Cérebro e a Neurobiologia dos
comportamentos ligados ao uso de
substâncias psicoativas
Alessandro Alves
Aconteceu na última quinta-feira, dia 13 de maio. Dia da libertação dos escravos.
Voltava eu de Botafogo, por volta das 21 horas, em direção à minha casa, em Vargem Pequena,
dentro de um táxi. O telefone celular toca e era o familiar de um paciente internado, ávido por
notícias. Conversa encerrada, familiar atendido, o motorista dirige a mim a primeira frase da
noite (após o “para onde vamos?”, é claro).
__ “ O senhor trabalha com dependência química?”
Adorei. Um motorista interessado no assunto. O que seria? Precisa de ajuda? Conhece alguém
que precisa? Que não tem recursos? Ele próprio? Pois no momento em que eu me empolgava
E estava prestes a recitar minha já tradicional ladainha: “tem atendimento gratuito na Câmara
Comunitária da Barra da Tijuca, telefone 3325-2323, procura Dra. Arlete, fala que foi Dr.
Alessandro que indicou...”, ele me joga um balde de gelo:
__”Pois por mim esses viciados podiam todos morrer...isso é safadeza, falta de caráter!”
Procurei conhecer melhor me taxista e sua raiva. Em torno de 40 anos, portador de diploma de
nível superior, casado e pai de uma filha, morou mais de uma década nos EUA e retornou ao
Brasil há mais de 05 anos. E tem um irmão. Um único irmão.
Esse irmão, sim, contou meu chofer, dependente químico grave que foi internado e tratou-se.
Ficou abstinente (ou limpo, ou sóbrio, como queiram), estudou, tornou-se Conselheiro em
dependência química (ou Terapeuta, ou Consultor, ou Técnico, como queiram). Trabalhou no
mesmo local onde se internou. Casou, teve filhos. E assim viveu por quinze anos. Sim, quinze
anos. Até recair.
Desde então nunca mais se levantou. Foi internado inúmeras vezes, sem sucesso. Perdeu
emprego, a esposa foi embora, ele praticamente não vê mais os filhos. Hoje não trabalha e
vive agarrado ao último cipó que separa esse adicto na ativa da total mendicância: sua mãe.

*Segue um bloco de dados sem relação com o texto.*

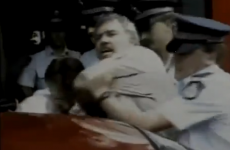 Watch the real-life Ron Burgundy getting arrested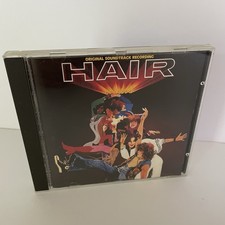 HAIR Original Soundtrack Recording CD 1989 EXCELLENT CONDITION - 25 Songs
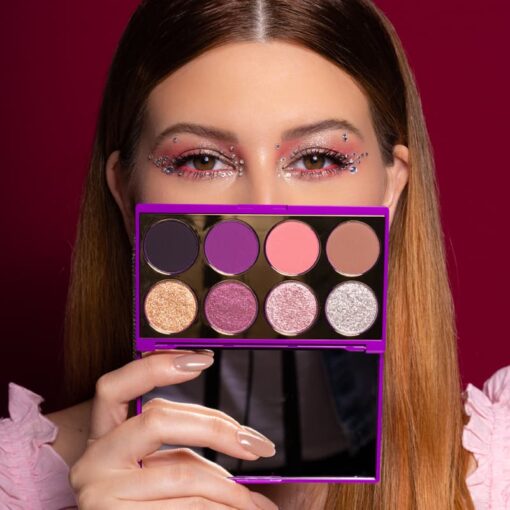 Palette de Sombras Purple Niina Secrets 5,6g - Image 3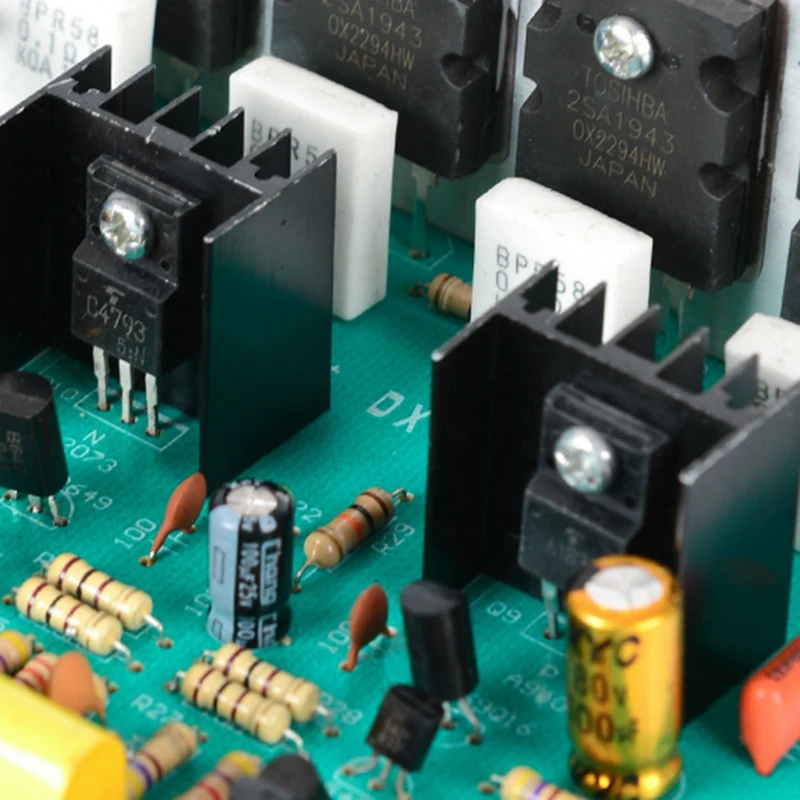 DX-800A Digital Amplifier Board 800W Mono High Power Professional 2SA1943 2SC5200 Finished Amplifier Board-Left-A22U view 2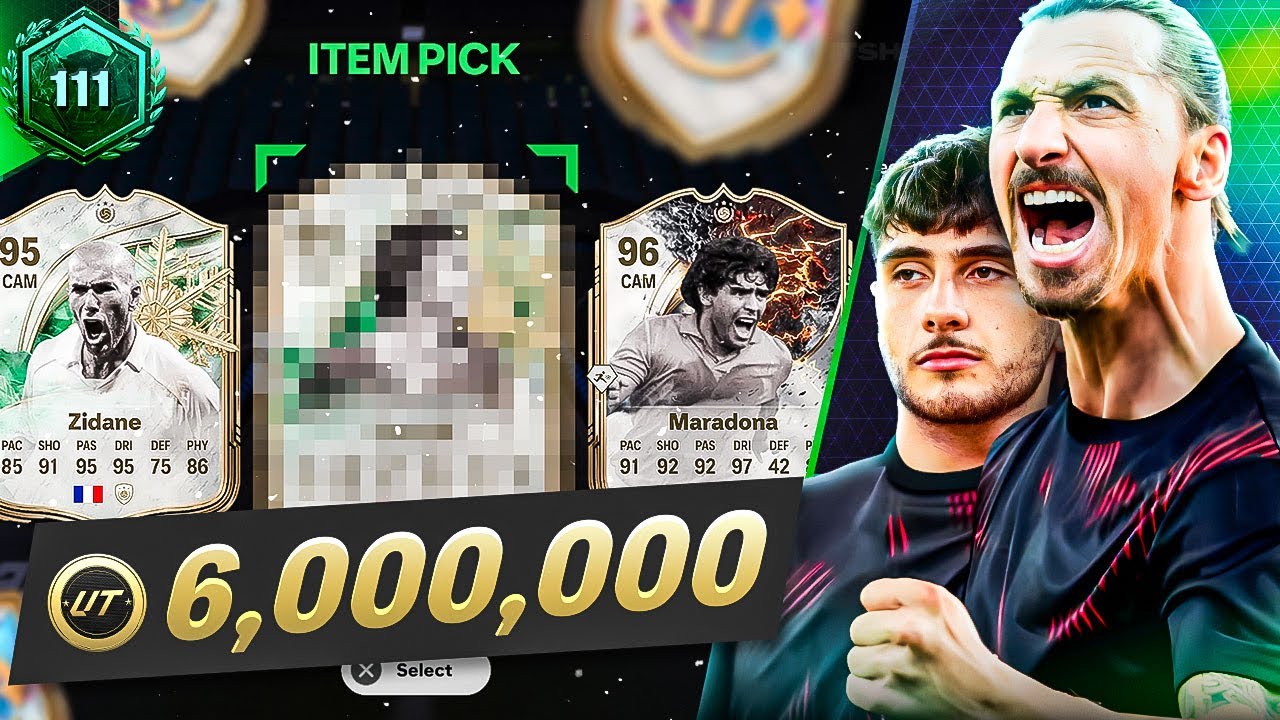 I Packed A 6M+ ICON From 93+ Pick On RTG!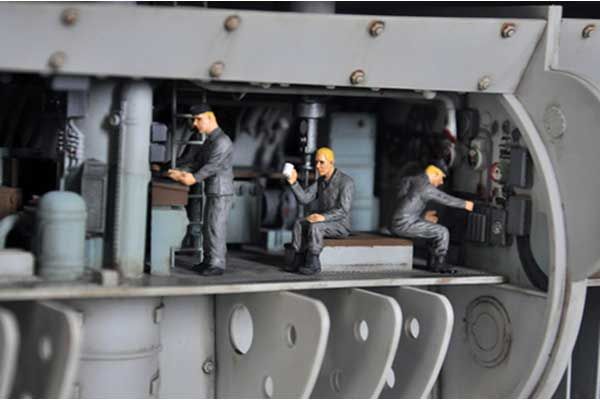 DKM U-Boat Type VIIC U-552 (Trumpeter 06801) 1/48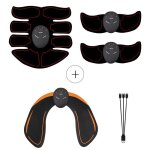 Stimulateur musculaire �lectronique rechargeable par usb appareil de stimulation abdominale pour hommes ...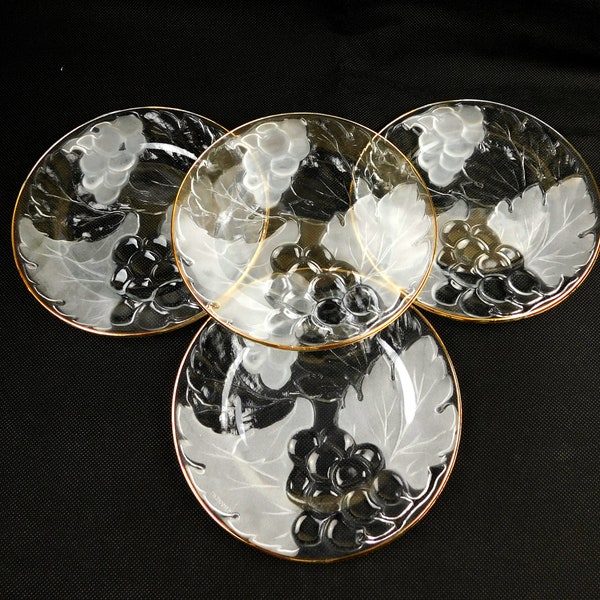 Clear Glass Plates Etsy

A narrativa continua com o taxista lembrando, com tom de voz mais ameno, os talentos de seu
irmão. Inúmeros. Bom amigo, prestativo, educado... ”todo mundo gosta dele. Sério, todo
mundo gosta dele. Só que ninguém o agüenta... o senhor entende?”
Entendo. Entendo e por força de meu ofício não me basta entender; preciso explicar. Explicar
quantas vezes for necessário até que o outro entenda. Então começo a descrever como
funciona a doença, seus mecanismos, e...sou fulminado!
_”Olha, Doutor, o senhor desculpe, mas isso não é doença não. Eu respeito, o senhor trabalha
com isso, mas eu acho que é uma falta de vergonha na cara ele ter voltado a usar droga. Já
tinha quinze anos, ele agora usa porque quer..eu tenho raiva do que ele faz com minha
mãe...eu não aceito...eu não falo com ele...ele usa porque quer!”
A fala daquele homem me convidava a combater. A total negação da doença, doença essa da
qual ele tinha raiva sem sequer aceitar sua existência. Sua raiva não era de seu irmão, mas da
doença que roubou de sua família um sujeito que, como ele mesmo disse, “todo mundo
gostava”.
Mudei minha estratégia. Comecei a concordar até onde eu podia, assumindo que o uso de
drogas sim, é uma escolha, mas que a doença não é; evoquei a sabedoria do Dr. Willian
Silkworth, que no livro azul de Alcoólicos Anônimos compara o alcoolismo a uma alergia, mas
ele não me ouvia. E talvez nem pudesse, tamanha era a necessidade daquele homem de falar.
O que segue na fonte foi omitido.